Their opponents in Sunday’s final, England, played a very different tournament. Their run was significantly easier than Spain’s, and, in the neutral opinion of this writer, who happens to be Irish, their victory on Sunday would have represented a stain upon the sport. England, with their perpetual sideways and backward passing, sucked the joy out of nearly every game they played, committed to a sort of anti-football against inferior opposition and progressed, ultimately, because of last-minute flashes of brilliance by their talented attacking players.

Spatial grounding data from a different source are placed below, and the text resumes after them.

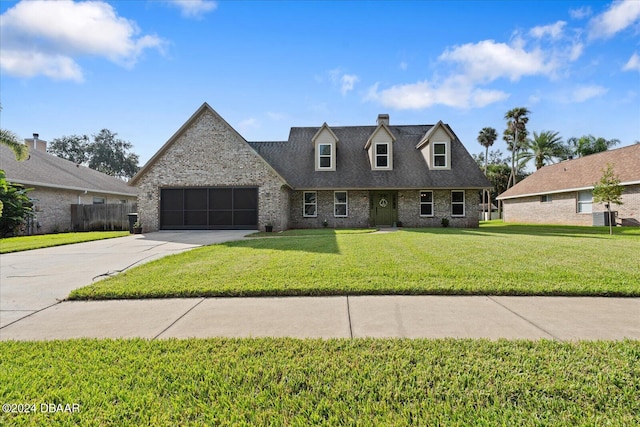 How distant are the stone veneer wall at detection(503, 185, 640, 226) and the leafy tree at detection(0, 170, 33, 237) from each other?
34.0m

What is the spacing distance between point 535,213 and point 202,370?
29.7 m

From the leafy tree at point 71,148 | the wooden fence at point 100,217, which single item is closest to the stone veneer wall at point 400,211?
the wooden fence at point 100,217

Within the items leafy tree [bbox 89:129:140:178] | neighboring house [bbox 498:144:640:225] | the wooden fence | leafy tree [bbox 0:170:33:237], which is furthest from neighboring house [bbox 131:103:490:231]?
leafy tree [bbox 89:129:140:178]

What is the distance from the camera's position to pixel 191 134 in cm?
1611

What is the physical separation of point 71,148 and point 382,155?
5194 cm

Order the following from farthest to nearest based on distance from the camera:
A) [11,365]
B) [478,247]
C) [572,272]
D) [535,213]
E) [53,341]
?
1. [535,213]
2. [478,247]
3. [572,272]
4. [53,341]
5. [11,365]

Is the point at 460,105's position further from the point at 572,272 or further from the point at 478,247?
the point at 572,272

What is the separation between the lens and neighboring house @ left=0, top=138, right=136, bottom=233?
16.5 m

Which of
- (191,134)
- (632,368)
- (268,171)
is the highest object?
(191,134)

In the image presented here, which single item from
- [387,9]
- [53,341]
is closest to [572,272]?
[53,341]

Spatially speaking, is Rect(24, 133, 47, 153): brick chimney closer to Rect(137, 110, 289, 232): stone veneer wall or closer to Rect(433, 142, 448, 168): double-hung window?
Rect(137, 110, 289, 232): stone veneer wall

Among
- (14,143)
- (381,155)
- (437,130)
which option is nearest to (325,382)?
(14,143)

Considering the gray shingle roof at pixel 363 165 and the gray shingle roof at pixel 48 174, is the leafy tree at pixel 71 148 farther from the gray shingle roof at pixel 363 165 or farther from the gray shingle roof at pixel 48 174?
the gray shingle roof at pixel 363 165

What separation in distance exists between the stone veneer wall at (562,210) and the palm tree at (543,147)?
16714 mm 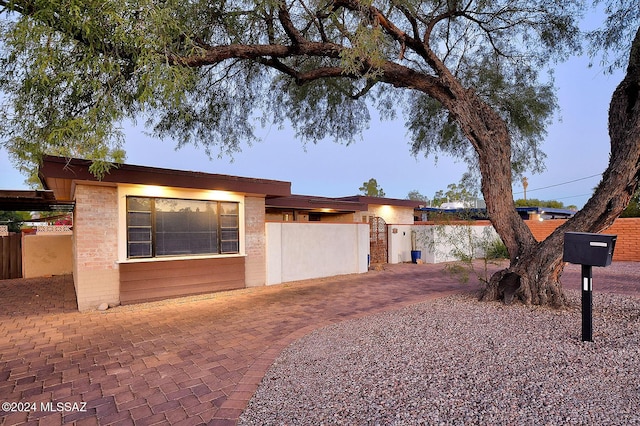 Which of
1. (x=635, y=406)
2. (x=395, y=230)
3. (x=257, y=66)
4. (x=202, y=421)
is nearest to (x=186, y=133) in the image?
(x=257, y=66)

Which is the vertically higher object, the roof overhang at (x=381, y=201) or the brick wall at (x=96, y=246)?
the roof overhang at (x=381, y=201)

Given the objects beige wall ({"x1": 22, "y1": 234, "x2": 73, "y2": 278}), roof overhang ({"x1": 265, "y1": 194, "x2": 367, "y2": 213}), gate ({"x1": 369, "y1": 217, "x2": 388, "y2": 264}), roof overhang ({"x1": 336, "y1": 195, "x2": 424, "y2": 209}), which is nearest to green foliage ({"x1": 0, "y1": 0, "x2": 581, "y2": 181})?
roof overhang ({"x1": 265, "y1": 194, "x2": 367, "y2": 213})

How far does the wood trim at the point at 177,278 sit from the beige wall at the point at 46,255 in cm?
784

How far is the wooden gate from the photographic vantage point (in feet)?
38.0

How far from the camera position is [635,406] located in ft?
8.20

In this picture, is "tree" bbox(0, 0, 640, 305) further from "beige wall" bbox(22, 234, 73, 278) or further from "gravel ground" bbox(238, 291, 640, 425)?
"beige wall" bbox(22, 234, 73, 278)

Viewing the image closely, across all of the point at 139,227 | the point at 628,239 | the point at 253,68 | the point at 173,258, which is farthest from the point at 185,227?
the point at 628,239

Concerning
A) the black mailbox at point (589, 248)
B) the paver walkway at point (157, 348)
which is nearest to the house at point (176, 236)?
the paver walkway at point (157, 348)

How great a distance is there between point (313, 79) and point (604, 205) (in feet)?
18.4

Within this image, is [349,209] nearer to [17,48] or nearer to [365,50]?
[365,50]

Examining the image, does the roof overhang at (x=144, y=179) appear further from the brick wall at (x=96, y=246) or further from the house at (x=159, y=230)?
the brick wall at (x=96, y=246)

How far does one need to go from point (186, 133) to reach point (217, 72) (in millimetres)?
1581

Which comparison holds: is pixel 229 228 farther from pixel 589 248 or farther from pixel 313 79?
pixel 589 248

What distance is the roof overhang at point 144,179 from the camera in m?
5.88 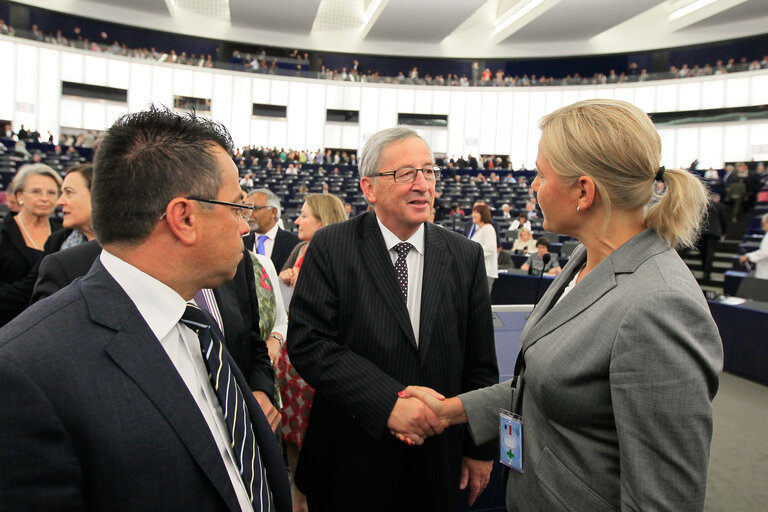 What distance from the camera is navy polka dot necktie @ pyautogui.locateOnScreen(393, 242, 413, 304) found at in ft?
5.50

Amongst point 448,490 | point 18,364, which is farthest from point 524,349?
point 18,364

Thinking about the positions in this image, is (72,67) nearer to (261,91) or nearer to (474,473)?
(261,91)

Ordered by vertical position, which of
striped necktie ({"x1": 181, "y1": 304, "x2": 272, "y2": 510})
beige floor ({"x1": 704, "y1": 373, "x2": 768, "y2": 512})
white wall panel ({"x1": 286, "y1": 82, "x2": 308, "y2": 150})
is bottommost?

Assuming you managed to avoid most England and France games — the French, too, seemed intent on boring their opponents into submission — the rest of the tournament was satisfactorily drama-filled. We’ve seen an absurd number of own goals, one of which, scored by Turkey’s Samet Akaydin, was among the funniest I’ve ever seen. We’ve witnessed the strange psychodrama of a profoundly talented Portugal team sacrificing itself at the altar of a faded, 39-year-old Cristiano Ronaldo’s frightening ego. And we’ve enjoyed the tournament’s lowest ranked team, Georgia, defying expectations by beating said Portugal team and making it to the knockout stages.
The Euros, broadly speaking, were fun, but, as ever with international soccer tournaments, politics has reared its ugly head at every turn. The ethnic tensions between the Balkan nations have been on show, with groups of rival fans directing racist and violent chants at each other. The people of Georgia, while enjoying their team’s performances on the pitch, have, at the same time, been facing off against their own government, which is forcing through a bill critics say will stifle civil society and align their country with Russia.
Days before the Euros kicked off, the far right made massive gains in the European parliamentary elections. The consequences were felt immediately in France, when President Emmanuel Macron inexplicably called a snap parliamentary election at home. The far-right Rassemblement National (RN) party looked certain to benefit from the president’s rash decision, but, through last-minute deal-making between centrist and leftist parliamentary candidates, the reality of a RN-led government was, for the time being, avoided.
Other nations competing at the Euros have already succumbed to authoritarian and anti-immigrant governments. The far right is in power, either as part of a coalition or with a majority, in Turkey, Hungary, Switzerland, Slovakia, Italy, Croatia and the Netherlands. The United Kingdom has just voted in a centrist Labour government, but the far-right Reform UK party also saw gains in the election.
War casts the darkest shadow over this year’s Euros. Ukraine, whose team was knocked out of the group stages on goal differential, continues to struggle against Russia’s illegal invasion, while another conflict between two UEFA members who didn’t compete in the competition, Armenia and Azerbaijan, recently ended after the ethnic Armenian enclave of Nagorno-Karabakh was officially dissolved and absorbed into Azerbaijan, in the process displacing tens of thousands of Armenians.
This is to say nothing yet of the ongoing war on Gaza, in which several European states are complicit.
Which brings us neatly to the Euros’ host. Germany performed better on the pitch than might have been expected, given the failures of recent years, but their relative footballing success this summer is hardly enough to distract from the many crises the nation faces.